When dealing with multiple features, simple linear regression loses its charm and so Multiple regression is necessary for encapsulating the effect of multiple features.



In [None]:
import numpy as np
import pandas as pd
import matplotlib.pyplot as plt
import seaborn as sns
import statsmodels.api as sm
import statsmodels.formula.api as smf
%matplotlib inline

Now, getting the data.



In [None]:
from sklearn.datasets import load_boston
boston_data = load_boston()
df =pd.DataFrame(boston_data.data,columns=boston_data.feature_names)

In [None]:
df.head()

Then, for simplicity, I’ll be using X and y to denote the feature and target variables.

In [None]:
X = df
y = boston_data.target

Now, let’s add some extra constant term to allow statsmodels to calculate the bias.

In [None]:
X_constant = sm.add_constant(X)

Now, let’s instantiate and fit our model with an ordinary least square model.



In [None]:
model = sm.OLS(y, X_constant)
lin_reg = model.fit()

To see the results, run the following code:



In [None]:
lin_reg.summary()

Another way to make your model would be to actually use the formula,



In [None]:
f_model = smf.ols(formula = 'y ~ CRIM + ZN + INDUS + CHAS + NOX + RM + AGE + DIS + RAD + TAX + PTRATIO + B + LSTAT', 
              data=df)
f_lin_reg = f_model.fit()
f_lin_reg.summary()

To see what the actual prediction for 10 rows of the features dataframe looks like, run these:

In [None]:
print(lin_reg.predict(X_constant[:10]))
print(f_lin_reg.predict(X_constant[:10]))

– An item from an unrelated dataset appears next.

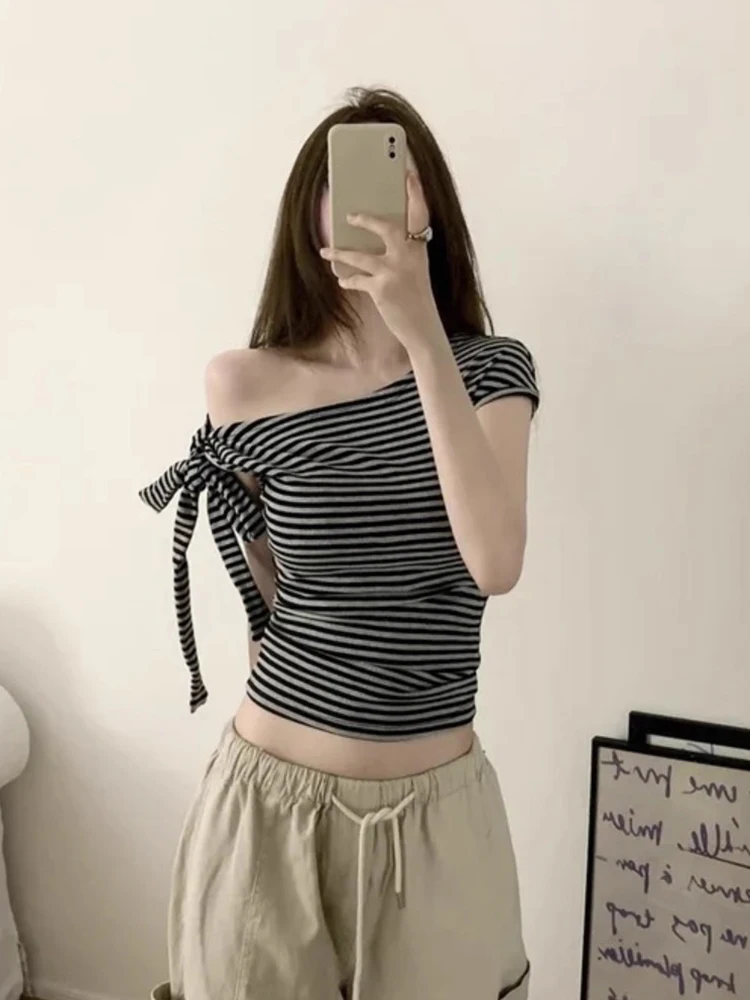 

Облегающая полосатая футболка женская, летняя, новый дизайн, с завязками по бокам, с наклонным воротником, сексуальный корейский повседневный топ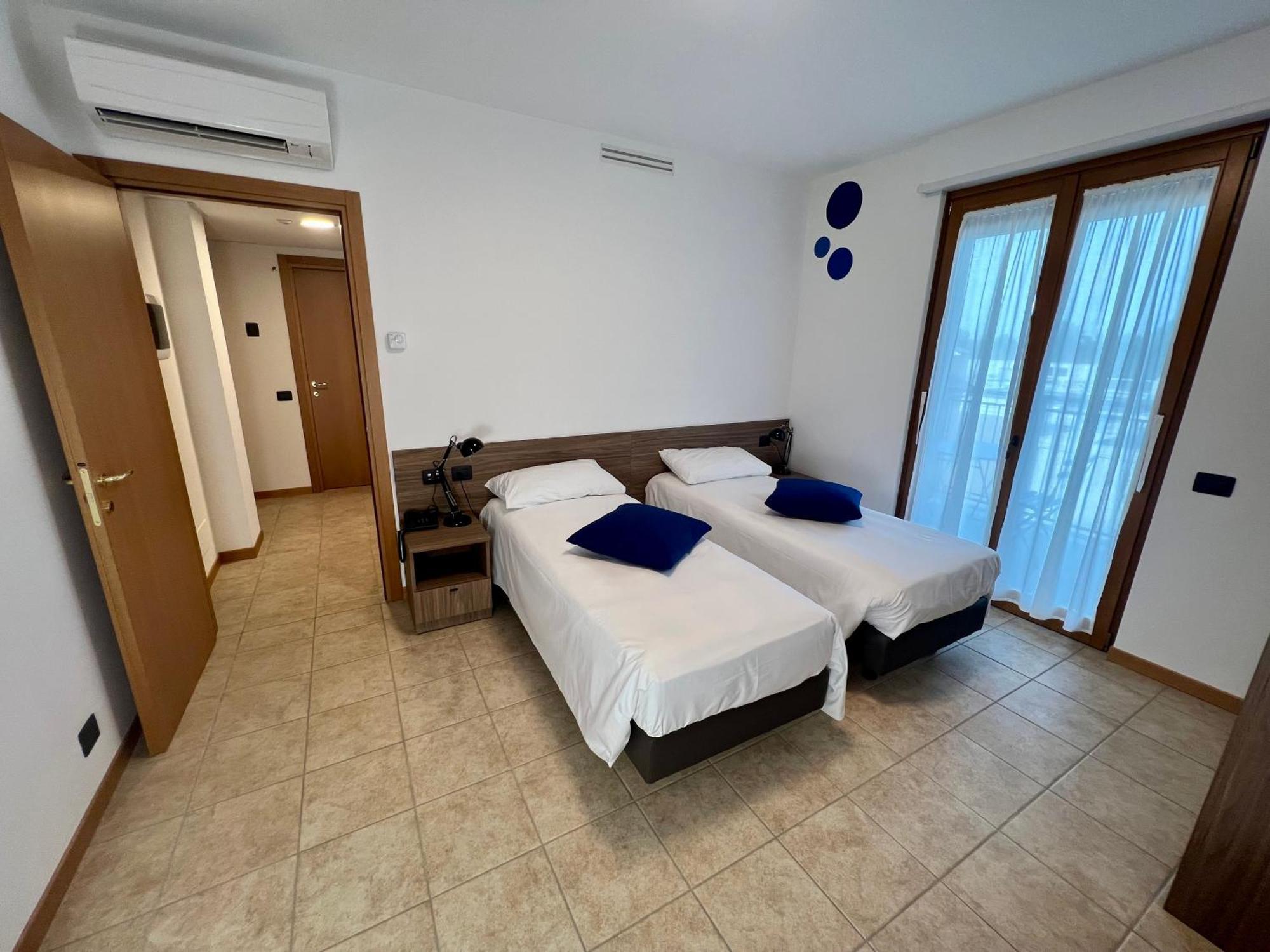 Corte Milano Rozzano Exteriér fotografie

There you go! That’s how you perform Multiple Regression using Python!

(Just an add-on. If you are interested about which feature is important then go through this.)

Let’s look at the correlation between the different features.



In [None]:
pd.options.display.float_format = '{:,.4f}'.format
corr = df.corr()
corr[np.abs(corr) < 0.65] = 0
plt.figure(figsize=(16,10))
sns.heatmap(corr, annot=True, cmap='YlGnBu')
plt.show()

Let’s also try using the R2 score to see the importance of features.



In [None]:
from sklearn.metrics import r2_score
linear_reg = smf.ols(formula = 'y ~ CRIM + ZN + INDUS + CHAS + NOX + RM + AGE + DIS + RAD + TAX + PTRATIO + B + LSTAT', 
              data=df)
base = linear_reg.fit()
print(r2_score(y, base.predict(df)))

The R2 score that I got was 0.7406 and now this will serve as my base number. If the removal of a feature changes the R2 score significantly then that feature can be termed as an important feature.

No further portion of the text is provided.